From the description, not sure I understand why it is not being detected. My good sense tells me to ask you if you have:

1) Set the boot order in the BIOS setup menu to:

CDRom
Floppy
Sata Hard Drive

(don't forget to save before you exit)

2) Turned off the RAID feature that is usually set as a default to on. Go to the Advanced  area of the BIOS setup menu to the sub-menu NVRaid configuration  and turn off the SATA raid seek feature. That should let the motherboard find your Sata drive without a seek for the raid that is not there.

When you check this, then let us know what the results are and if you have already done these, let us know and we will work from that point, but we needed to check the first things first.

Addendum: If this is the Deluxe version of the board, then double check (not sure about the non-deluxe version) that you have the SATA in the non-raid Sata connectors area and not in the Sata Raid connectors. There are both on the deluxe board.


----------



## redsniper (Jul 30, 2005)

Sata Hard Drive isn't an option in the boot order menu. It has Hard Disk, Removable (floppy), CD-ROM, all the usual suspects but no SATA. This disk has been detected with NvRAID both on and off, usually with it on since I thought it needed to be on for the disk to be detected, but I've since found out it can work both ways. Since you say to turn it off I'll leave it off. Also, this isn't the deluxe version; it only has 4 SATA ports.


----------



## linderman (May 20, 2005)

Its important like Tumbleweed pointed out to review your mobo manual carefully / there are sata ports for regular stand alone sata drives and then there are sata ports for the raid configuration / cant mix them without problems

The other issue / boot order 
sata drives are ddescribed in the boot menu as "Sat Drives" they generally call them or activate them as the third or fourth boot device 

so your bios should look like this

floppy / 1st
cd-rom / 2nd
primary ide drive / disabled
3rd boot device = enabled
4th boot device = enabled

try that ??? and please post back

do you have service pack 2 installed for win xp ???????? There are alot of sata fixes in that update

did you load your sata controller drivers ???????

If and whwn you go around to a "clean" install of win xp / it would be very much worth you while to slipstream service pack 2 onto your win xp cd 
this can be done by downloading autostreamer version 1.03 (review the *screenshots* )

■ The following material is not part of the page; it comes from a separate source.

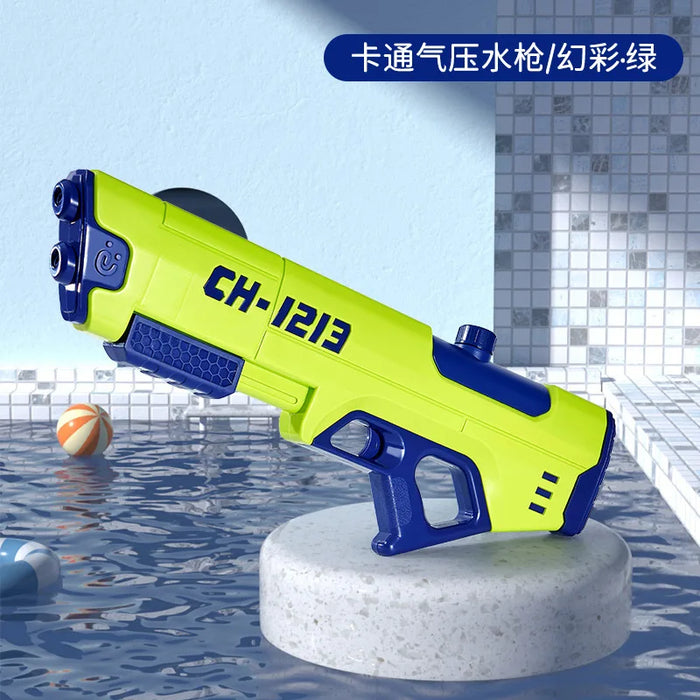 AK UNCLE E Double-hole water outlet water gun toy with large capacity outdoor water toy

http://www.neowin.net/forum/index.php?showtopic=223562

service pack 2 / here go to bottom of page and download the version for multiple computers / this method allows sp-2 to be downloaded to a folder instead of directly intergrating into the OS immediately

http://www.microsoft.com/technet/prodtechnol/winxppro/maintain/winxpsp2.mspx


regards

joe


----------



## Tumbleweed36 (May 14, 2005)

redsniper said:


> Sata Hard Drive isn't an option in the boot order menu. It has Hard Disk, Removable (floppy), CD-ROM, all the usual suspects but no SATA. This disk has been detected with NvRAID both on and off, usually with it on since I thought it needed to be on for the disk to be detected, but I've since found out it can work both ways. Since you say to turn it off I'll leave it off. Also, this isn't the deluxe version; it only has 4 SATA ports.


Hi,

Let's take a couple of stabs in the dark since I don't have the manual for this board and with my slow dial-up, wont' download it tonight.

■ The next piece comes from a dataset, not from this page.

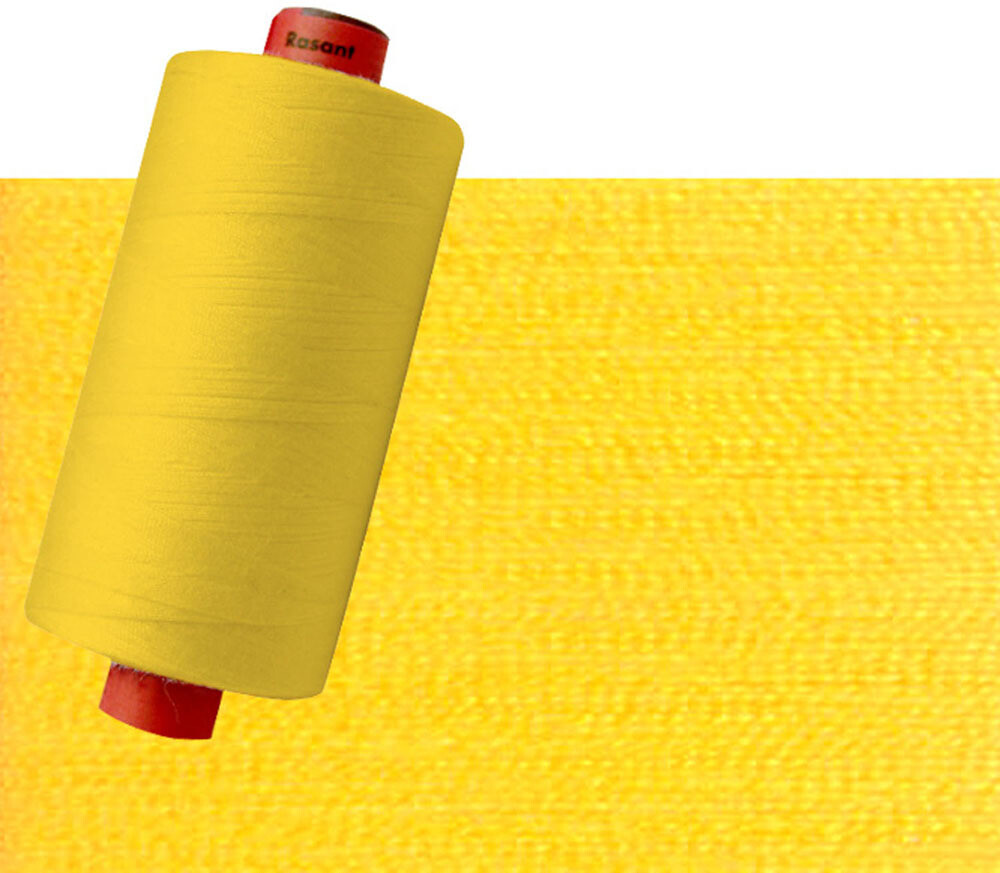 0800 - Dark Yellow | Rasant Polyester Cotton Thread 120/40 | 1000m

1. Take out the IDE drive and try with only the SATA disk installed.

2. Enter the BIOS setup menu and set it to factory defaults....exit and reboot and enter the BIOS setup menu again.\

3. Go to the MAIN menu area and see if it recognies the Sata in that area. Let us know what it sees in drives.

4. Go to the ADVANCED area and make sure that the Silicon Sata controller is disabled.

5. Still in the ADVANCED area, Select NVRaid and make sure it is disabled.

6. Still in the ADVANCED area, select IDE Function Setup and make sure ALL things in that area are ENABLED>

7. Go to the Boot order and see if the drive is there yet and change it if it is to the listed boot order I gave you earlier.

Be sure to save the changes before you exit.

Then, if that does not work, go back and change the Silicon Sata controller to Enabled, save and exit and see if that helps.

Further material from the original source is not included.